Glossary // How Regex Masking works

ClickHouse uses the re2 engine for regex. When a masking policy is applied, the query planner injects a regexpReplace function into the SELECT path.

This means your raw data remains on disk untouched (preserving its checksums and history), but the “View” layer ensures unauthorized users only see the masked version.


Defining the policy

The core of the “Clean Room” strategy is identifying the patterns that shouldn’t be there. Let’s look at a policy for redacting emails and IPv4 addresses using multiRegexpReplace.

sql

-- 1. Create the policy
CREATE MASKING POLICY email_masking ON logs.payload
USING (
    multiRegexpReplace(
        payload,
        ['[a-zA-Z0-9._%+-]+@[a-zA-Z0-9.-]+\\.[a-zA-Z]{2,}', '\\d{1,3}\\.\\d{1,3}\\.\\d{1,3}\\.\\d{1,3}'],
        ['[EMAIL_REDACTED]', '[IP_REDACTED]']
    )
);

-- 2. Apply it to an analyst role
GRANT SELECT ON logs.payload MASKING POLICY email_masking TO analyst_role;
Important
Notice the use of multiRegexpReplace.

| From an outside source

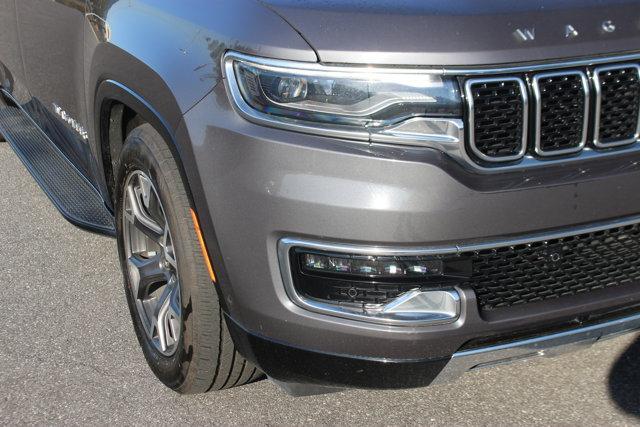 used 2023 Jeep Wagoneer L car, priced at $52,000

It is significantly faster than chaining multiple regexpReplace calls because it traverses the string once for all patterns, rather than rescanning the entire string for every individual regex.

The Throughput Penalty: A Billion Row Tax

Regex is computationally expensive. When you apply a masking policy, you are effectively adding a “CPU tax” to every SELECT query. If your query is scanning a billion rows, the regex engine has to run a billion times.

In a high-throughput OLAP system like ClickHouse, where we expect sub-second aggregations, a “busy” regex can turn a 100ms query into a 10-second wait.

Here is how to optimize your patterns to keep your “beast” status.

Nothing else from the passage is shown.